AbstractRank‐reduction‐based simultaneous random noise attenuation and three‐dimensional seismic‐data interpolation has recently become a hot topic in reflection seismology. However, the rank of traditional methods is fixed without considering the variation of signal‐to‐noise ratio on different frequency components, leading to serious residual noise and further affecting the following processing and interpretation tasks. In addition, traditional methods also heavily rely on the application of singular value decomposition technique for rank reduction, which is proven to be computationally expensive for large‐scale data. Thus, a fast‐adaptive rank‐reduction method is proposed in this study. First, the information entropy theory is introduced to adaptively select the optimal rank at various frequencies by calculating the increment of singular entropy.
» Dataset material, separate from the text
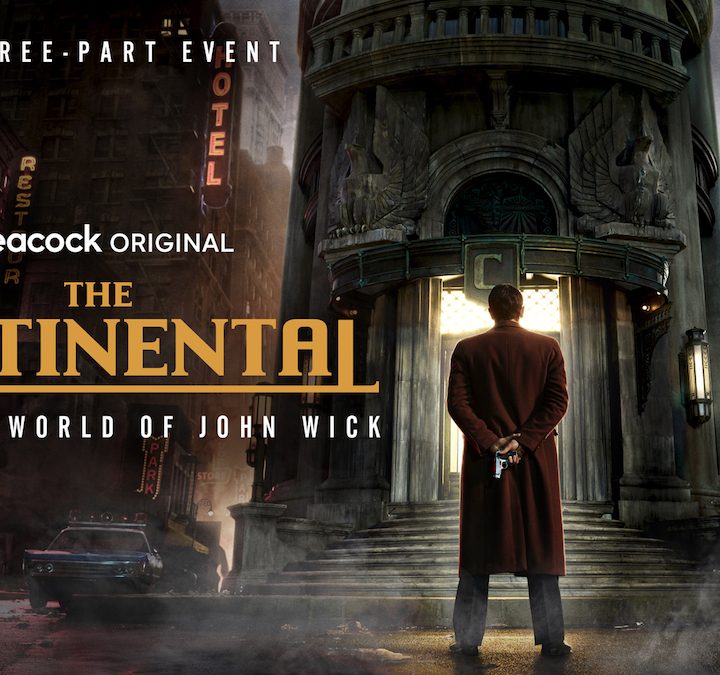 A man stands outside a hotel on the poster for The Continental.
Second, we propose a fast Random Block Krylov algorithm and a subspace multiplexing technique to replace the singular value decomposition algorithm used in traditional methods. The proposed method can significantly improve computational efficiency and yield better seismic‐data reconstruction performance than traditional methods. Applications of the proposed approach on both synthetic and field seismic data demonstrate its superior performance over a well‐known rank‐reduction‐based method, that is the random multi‐channel singular spectrum analysis, in terms of recovered signal‐to‐noise ratio and visual view.